If you are wondering how to get that information, you can get it by running this sigmac script with the following flag:

sigmac -l

That means that if you are using any of those tools to query security events, you can easily get a sigma rule converted to their format and run it.

Then, why do I need Jupyter Notebooks? 🤔

That’s a great question! What if I told you that you could:

Connect to platforms such as Elasticsearch or Azure Sentinel via their APIs
Run the queries you translated with Sigmac on the top of them
Get the results back and complement your analysis with additional Python libraries such as Pandas or PySpark. Maybe use other programming languages such as R or Scala for additional data analysis.
Document every step taken during your analysis and even add visualizations to tell the story in a more practical way
Save the input (queries) and output (queries results) as part of your doc
Share and reproduce the analysis and get similar results

All from the same tool and for free! 🍻 Yeah, I don’t know about you, but I like to complement and extend the data analysis capabilities that some of those platforms already provide, and share the results with others in the community in a more practical and interactive way. I hope this got you a little bit more interested in data analysis with Jupyter notebooks 😉 👍

How do I use a Notebook to query sigma rules?

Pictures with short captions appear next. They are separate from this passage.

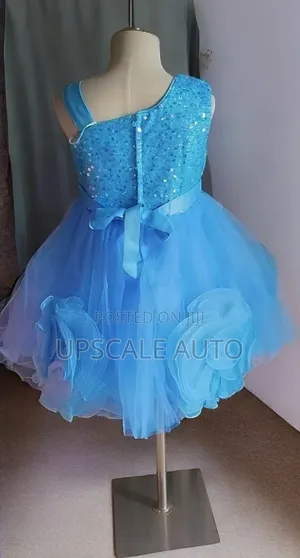 Luxury Blue Birthday Dress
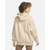 Худі унісекс Nike Oversized Fleece Hoodie Beige Dj7668-126, Размер: S, Наличие: Склад (1-3 дня), фото , изображение 2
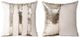 A & B Home 2-Piece Beige/Silver Throw Pillow Set-2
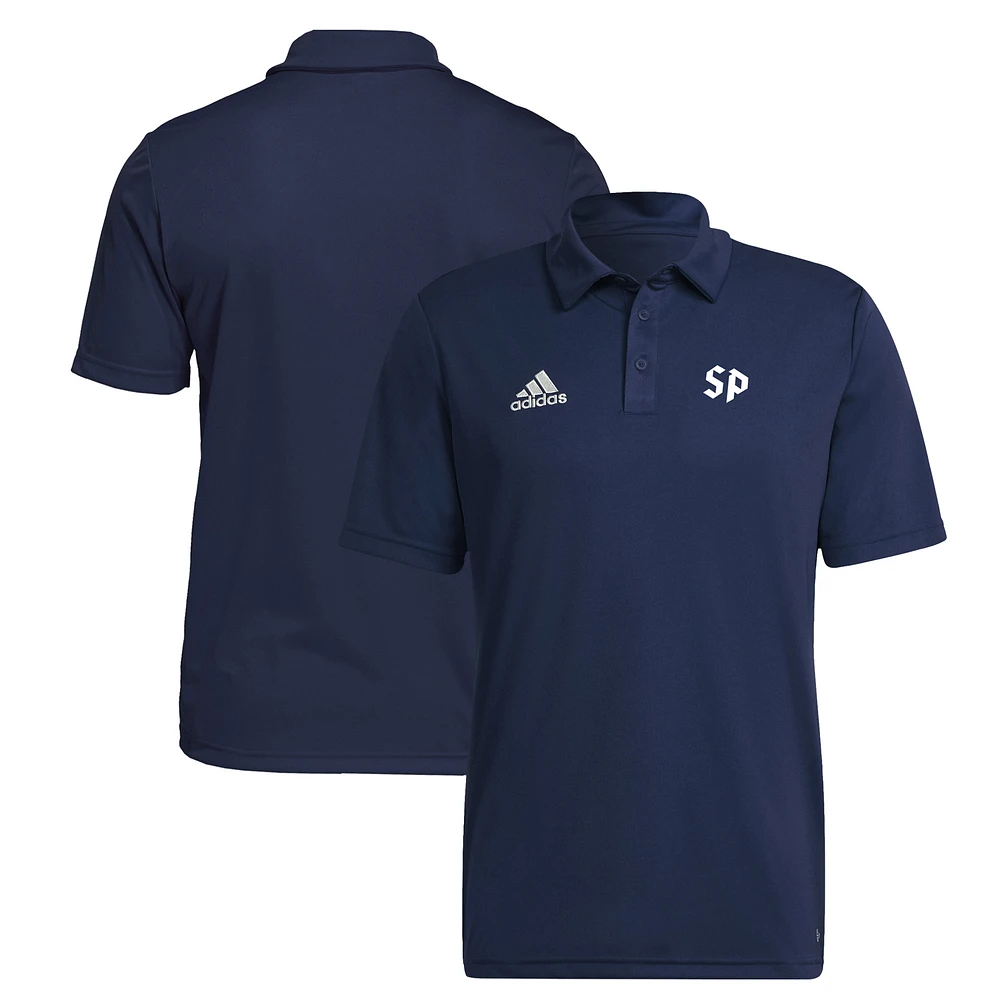 Men's adidas Navy Saint Peter's Peacocks Entrada 22 AEROREADY Polo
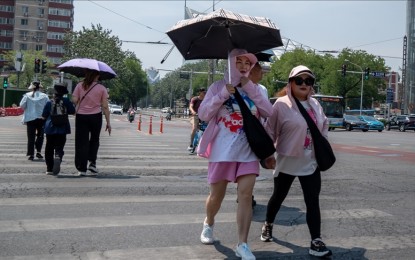 <p><strong>RISING TEMPERATURE</strong>. China registered record-high spring temperature this year, or from March to May, with the national average hitting 12.3 degrees Celsius, up from 10.9 degrees Celsius during the same period in 2023. This is the highest since meteorological recording started in 1961. <em>(Photo by Anadolu)</em></p>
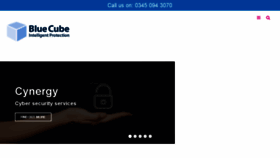 What Bluecubesecurity.com website looked like in 2018 (5 years ago)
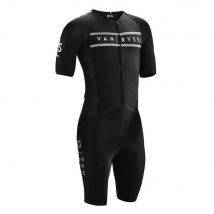 Van/rysel Tuta da corsa su strada Racer Bianco Triathlon Collant estivi Pantaloni interi Tuta da ciclismo Abbigliamento sportivo da esterno traspirante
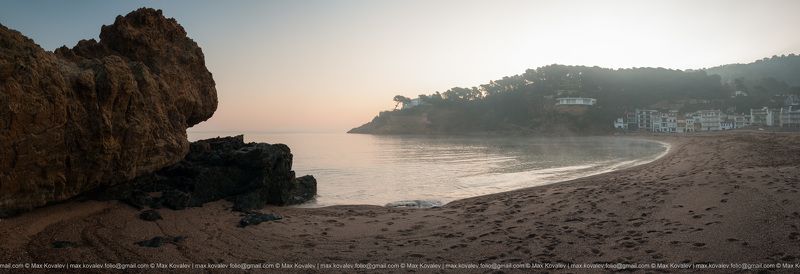 Catalonia, Catalunya, Cataluña, Europe, Spain, beach, coast, nature, panorama, winter, Европа, Испания, Каталония, берег моря, зима, панорама, пляж, побережье, природа Зимний пляж / Winter beachphoto preview
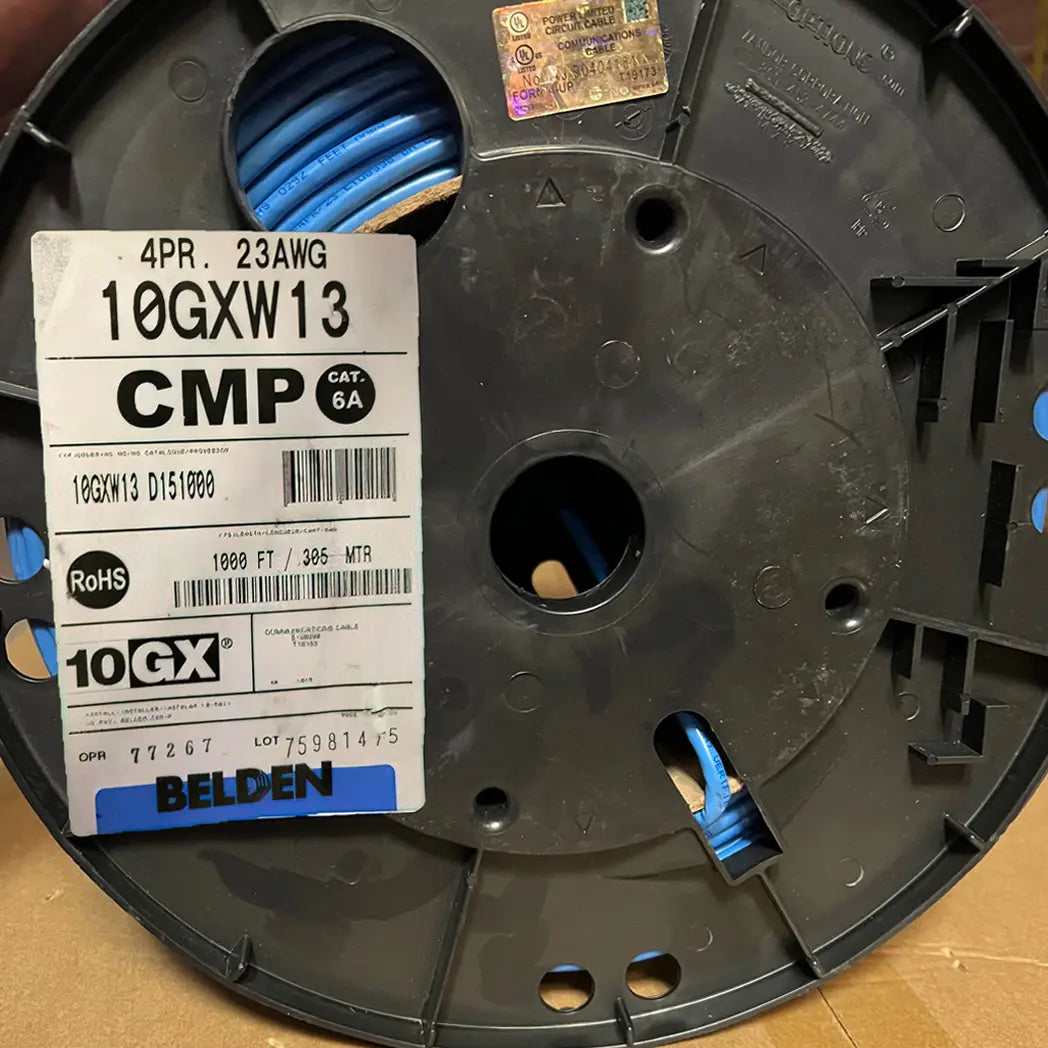 Cat6A plenum Belden 10GXW13 Roll down side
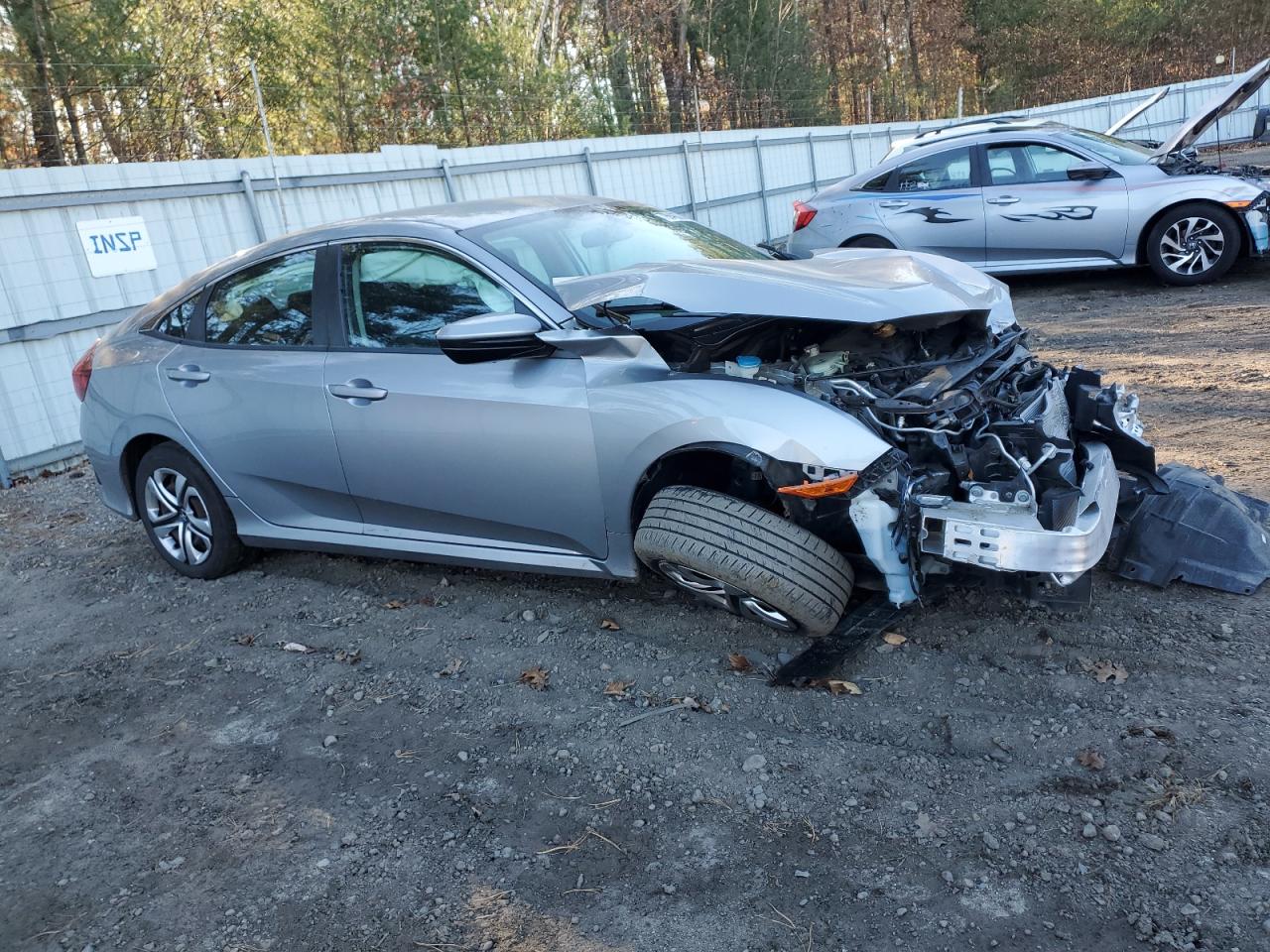 2018 Honda Civic VIN 19XFC2F56JE003803 Copart auction photo, front end / minor dent/scratches damage thumbnail 4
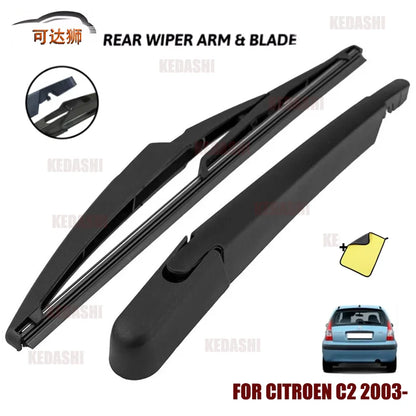 Rear Wiper Blade for Citroën C2 2003–2005 – 295mm + 265mm Windshield Arm Set Car Accessories Replacement Part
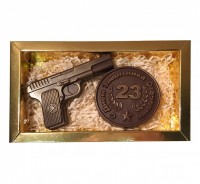 Набор к 23 февраля (пистолет) - Шоколадная мастерская | шоколад на заказ в Екатеринбурге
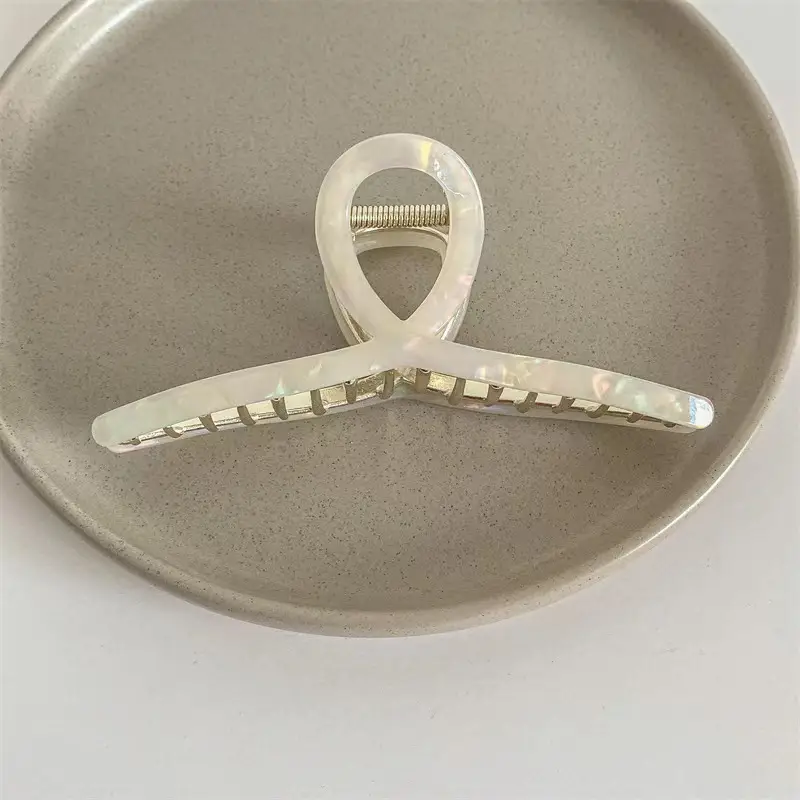 Oversized Retro Hairpin Women's Back Acetate Clip - Image 18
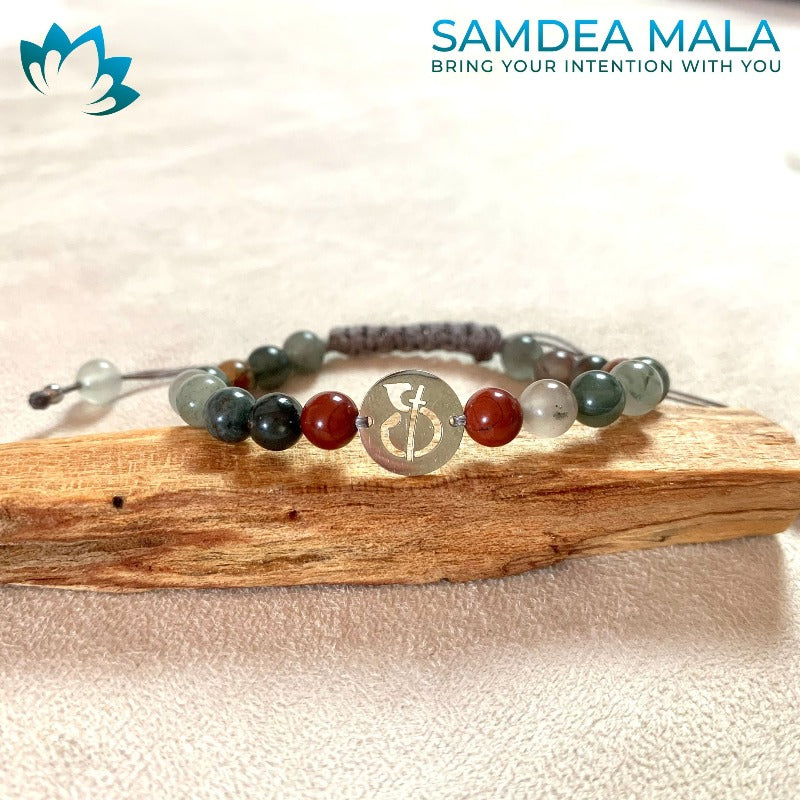 Custom Bracelet With Personalized Selection of Crystals - meditation bracelet, intention bracelets, custom mala, tibetan wrist mala, energy crystals bracelets, spiritual mala, bracelets with crystals, custom mala bracelet, natural gemstones bracelets - Samdea Mala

First, we need to identify platforms that allow query execution via their APIs and that have Python libraries used to simplify the process and that can be supported via Jupyter Notebooks. Some of the ones that I have used are:

Elasticsearch: Elasticsearch-DSL Python Library
Azure Sentinel: MSTICPY Python Library (posts soon 😉)
Splunk: Splunk-SDK

For the purposes of this post, I will be connecting to an Elasticsearch database using the elasticsearch-dsl python library from a notebook

Pre-Requirements:

Elasticsearch Database
Jupyter Notebook (with elasticsearch-dsl python package installed)

Enter The HELK

I like to practice like I play ⚽️ and the HELK project has been very helpful for several use cases throughout my career. This one is not an exception 💙

Install HELK

You can simply run the following commands and you will get an ELK stack, Kafka broker and a Jupyter Notebook.

$ git clone https://github.com/Cyb3rWard0g/HELK
$ cd HELK/docker$ sudo ./helk_install.sh -p <kibana password> -i <HELK ip address> -b 'helk-kibana-notebook-analysis' -l 'basic'

Access Jupyter Notebook Server

Run the following command to retrieve the Jupyter server token needed to access the currently running notebook server:

$ sudo docker exec -ti helk-jupyter jupyter notebook listCurrently running servers:
http://0.0.0.0:8888/jupyter/?token=fbb6b53c4ecf6179bd6e45907bbe464c4f26b5bbd2e8879e :: /opt/jupyter/notebooks

Copy the token (i.e. fbb6b53c4ecf6179bd6e45907bbe464c4f26b5bbd2e8879e) and use it in this URL to access your HELK’s Jupyter notebook server.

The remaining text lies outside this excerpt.